God was a Geordie
by Stetec
Summary: Don't take it too seriously, just a bit of geordie speak  Newcastle upon Tyne accent, think Ant and Dec...  fun and an alternative view on earths creation...


Oh, my God!

God was a Geordie.

Reet at the beginning:

"Godfry! Get oot of bed!" Gods mam shouted.

"Shut up woman." God mumbled, half asleep.

"Godfry. Howey man, get up ya lazy little sh*te!"

"Mother, leave us alone man, I'm knackered. F*ck sake."

Mam hadn't seen Godfry sneak in at stupid o clock, absolutely hammered, went oot clubbing, drank sh*t loads of broon ale after the Toon got hammered once again in the inter-galaxy league second leg 1st roond tie with Jupiter United.
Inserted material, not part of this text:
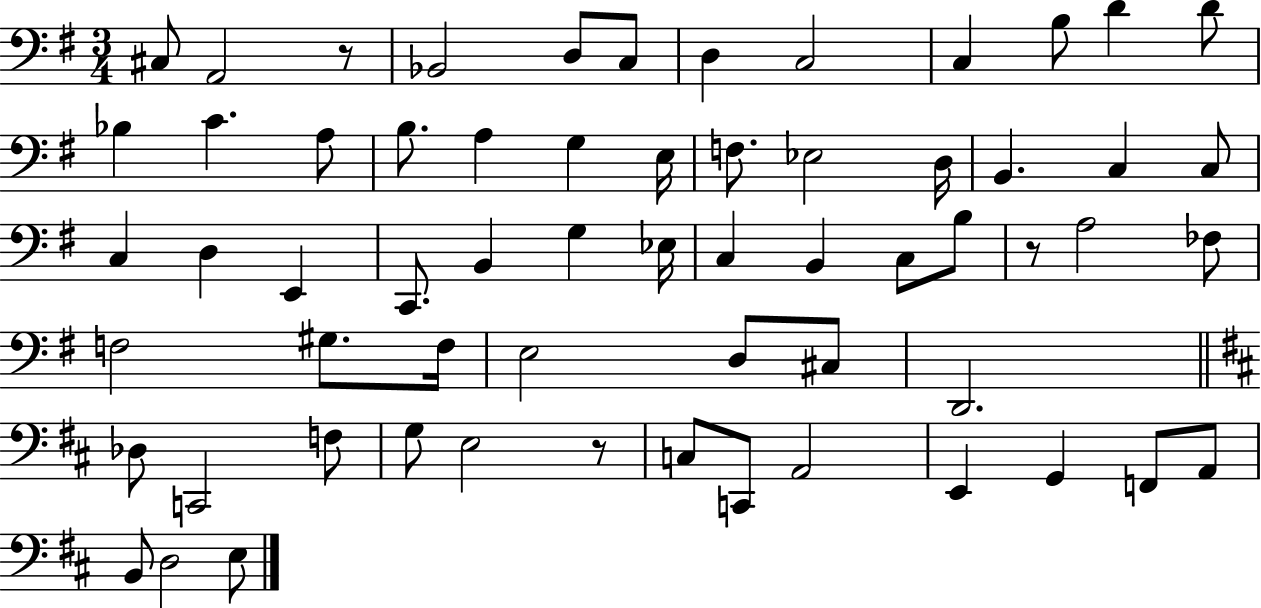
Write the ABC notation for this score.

"Aaal yee dee since ya finished school is drink sh*te loads of that broon ale sh*te, get p*ssed, watch footbaal, play computer games, sleep, eat and sh*te!" Godfrys mam shooted up the stairs.

"Am telling thee now, if ya didn't get oot of that pit and dee summit useful with ya life, I'm gonna get ya dad to kick your ar*e doon to that dole centre. There's a whole world oot there waiting for you to discover, now howey, get up, I'll stick the kettle on."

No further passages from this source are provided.